RECORDS SHOWN ::
=====

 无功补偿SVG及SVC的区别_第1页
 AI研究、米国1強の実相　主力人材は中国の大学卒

=====

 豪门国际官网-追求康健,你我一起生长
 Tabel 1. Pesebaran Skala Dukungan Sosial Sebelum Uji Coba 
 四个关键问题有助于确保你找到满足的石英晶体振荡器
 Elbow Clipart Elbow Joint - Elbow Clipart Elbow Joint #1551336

=====

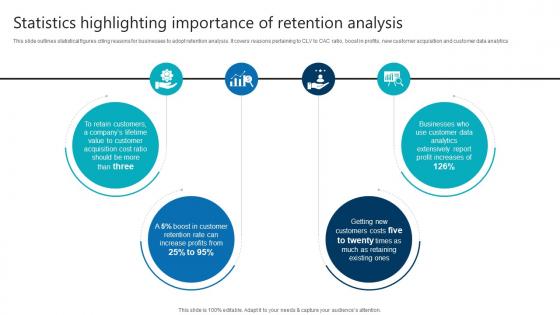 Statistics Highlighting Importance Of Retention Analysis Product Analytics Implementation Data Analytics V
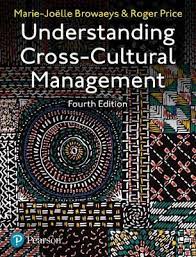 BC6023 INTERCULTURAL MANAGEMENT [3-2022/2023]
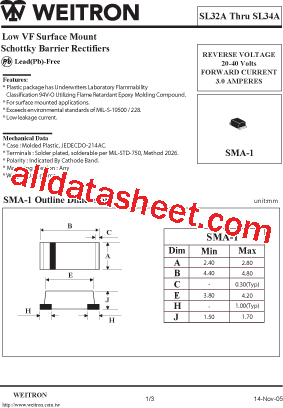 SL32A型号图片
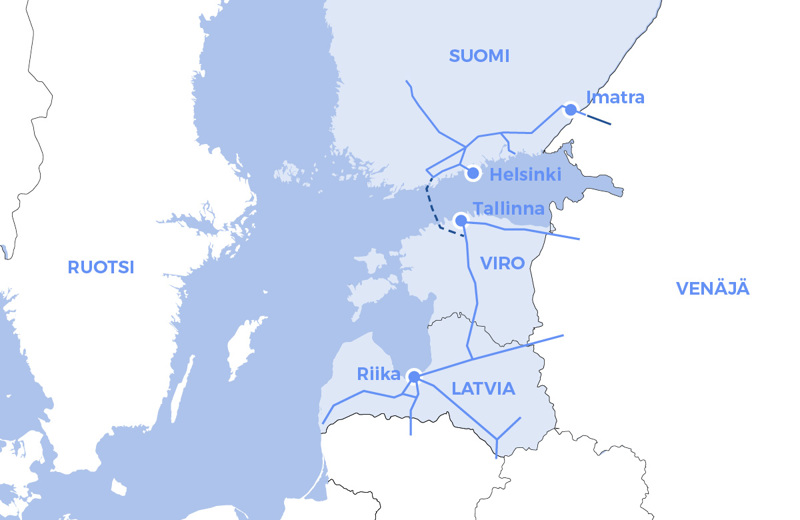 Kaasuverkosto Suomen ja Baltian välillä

=====

TASK REQUIREMENTS ::
Repeat, character for character, the lines of the material above from the line with "Tabel 1. Pesebaran" through the line with "Elbow Clipart Elbow Joint - Elbow".

EXERCISE SOLUTION ::
 Tabel 1. Pesebaran Skala Dukungan Sosial Sebelum Uji Coba 
 四个关键问题有助于确保你找到满足的石英晶体振荡器
 Elbow Clipart Elbow Joint - Elbow Clipart Elbow Joint #1551336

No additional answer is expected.